An independent statistician used a computer to generate a randomisation list for each of the two centres using a stratified permuted block protocol, assigning patients to one of two groups with block sizes of n = 100 and n = 20 for centre 1 and centre 2 respectively. An open-label (non-masked) randomisation procedure was used in the allocation of patients to groups, with envelopes containing allocation information sealed and numbered serially by staff independent of the study. Patients were informed of the project during their in-patient stay, and, if interested, enrolled shortly before regular discharge. The inclusion procedure comprised written informed consent and written product information. After the written informed consent was signed, and interview and questionnaires had been completed, the allocation envelope was opened in the presence of the patient. All participants were informed that after the 6-month trial period those in the control group would be offered implantation and those in the implant group offered reimplantation. The study was approved by the regional ethics committee of southern Norway, and funded by a grant from the south-eastern Norway regional health authority. The trial registration number is NCT00521157.

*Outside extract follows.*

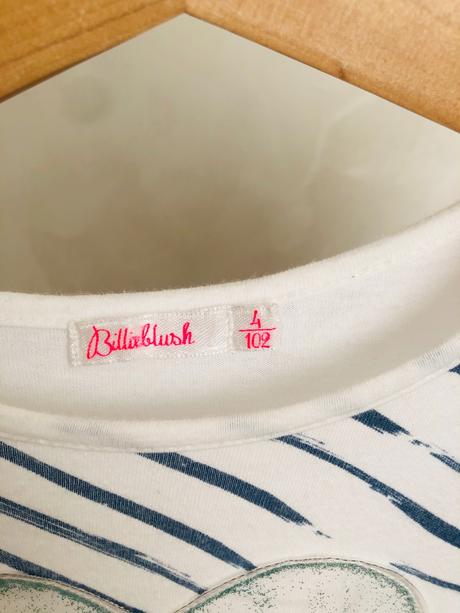 Šaty bilieblush s tutu sukňou 4-5 rokov, 104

Patients allocated to the implant group were given 20-pellet naltrexone implants (GoMedical Industries, Subiaco, Western Australia), previously found to block opioids for 5–6 months.14,16,20 One doctor at each centre received a week of training in Perth, Western Australia, in 2005 to ensure that implantation procedures matched the manufacturer's standards and were conducted in a similar fashion at the two centres. All participants had to pass an oral naltrexone challenge (25 mg) before starting implant treatment. For the surgical procedure the skin of the lower abdomen was cleaned with chlorhexidine (0.5%). Local analgesic drugs were injected (10 ml 1% lidocaine, 20 ml 0.5% bupivacaine with adrenaline, 30 ml sodium chloride solution) and a 1.5 cm incision was made. Forceps were used bluntly to prepare a pocket in the subcutaneous tissue before inserting 20 pellets containing approximately 2.2 g naltrexone. The incision was closed using a non-absorbable polypropylene suture. A follow-up appointment was scheduled 7 days later for inspection of the wound and suture removal. Women participants were advised to use contraception during the study period. Implantation and participation were free to all participants. Implants were bought from the manufacturer at a discount. In case the participants given an implant required medical attention with analgesics during the study period, these patients were given an implant carrier's card which specified the presence of a naltrexone implant, its expected duration, possible options for providing pain relief and contact details for study staff. Blood samples for analysis of study medication were taken at stitch removal and after 6 months, and more frequently at staff's convenience for a small number of patients.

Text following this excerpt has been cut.